Ah, the wild world of 3D Interfaces technology. It’s bad enough you’re being forced down the multi-touch path, huh? Well, for those that enjoy the bliss of moving graphical elements around the screen with your hand, the research and experimentation continue.
There’s two sides of the UI tide – restricting you fingers to the screen and the less practical movement within a large 3D space. Does it have to be one or the other? Both? Neither?
Here’s two projects being with some sweet video to make you start exercising those finger musculars
3D Electrostatic Input
First up, Justin Schunick, Mark Hollenbeck, Luke Shaheen, Scott Gillette and Glenn Black from Northeastern University are up to their necks in oscillating frequencies and copper plate capacitance. They’ve taken the Theremin principle of electrostatics and have slapped it a wide array of applications, including drawing and 3D model manipulation.

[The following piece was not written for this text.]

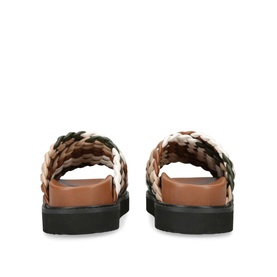 KG by Kurt Geiger Rosella Braided Sandals in multi colourway, rear view showing braided crossover straps and black tread sole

*Update* There’s more photos available here. Thanks Justin!
Air Bladder Multi-touch
You didn’t think we would have a 3d interface post without mentioning multi-touch did you? What’s extra crazy about this device however, is that it approaches the issue of tactile feedback in multi-touch and attempts to give your fingers and mind a bit of solace for your inevitable future of touch.
For 3D CAD user it almost makes sense that 3D model equals 3D Interface. But most of the experimentation and research is being done with manipulating simple graphics and images. It’s starting to get more involved and these two examples show just how involved some of the experimentation is getting. If I had my pick, I’d go with the ShinodaLabs version. A good mix of both.
However, the practicality and intuitiveness of a touch-screen is bound to beat out a large area installation in the near-term and mainstream markets, even within MCAD/PLM arena. So, for now, we’ll be constrained to using 3D applications on a 2D screen… ya think?